## PROBLEM TO WORK ON
Your reply should reproduce all the data below exactly while excluding the pictures.

## INFORMATION SUPPLIED
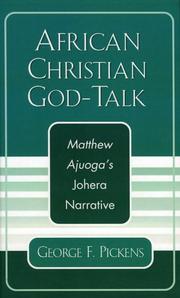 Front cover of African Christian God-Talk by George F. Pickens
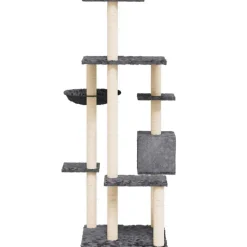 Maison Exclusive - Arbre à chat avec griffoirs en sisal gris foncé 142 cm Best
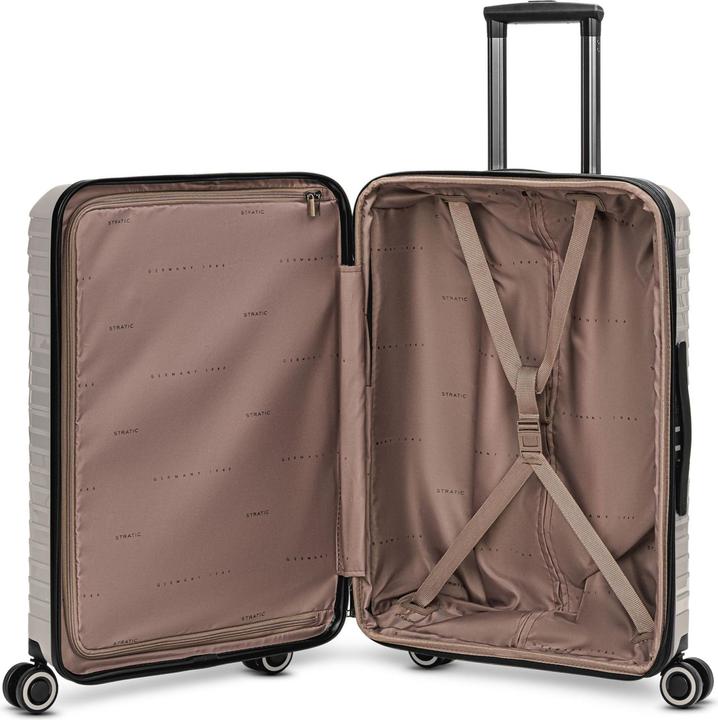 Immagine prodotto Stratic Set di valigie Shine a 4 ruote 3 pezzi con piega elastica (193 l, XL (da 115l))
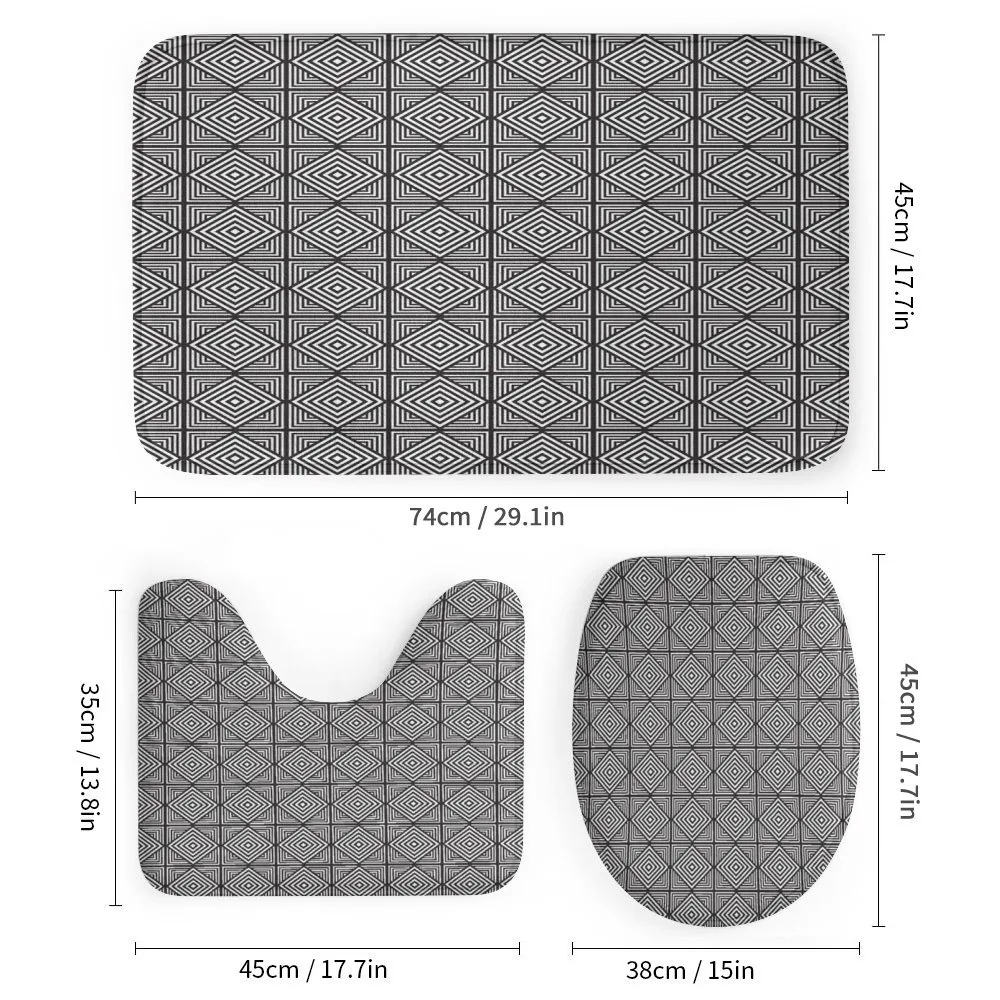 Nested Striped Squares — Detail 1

## THE ANSWER
 Front cover of African Christian God-Talk by George F. Pickens
 Maison Exclusive - Arbre à chat avec griffoirs en sisal gris foncé 142 cm Best
 Immagine prodotto Stratic Set di valigie Shine a 4 ruote 3 pezzi con piega elastica (193 l, XL (da 115l))
 Nested Striped Squares — Detail 1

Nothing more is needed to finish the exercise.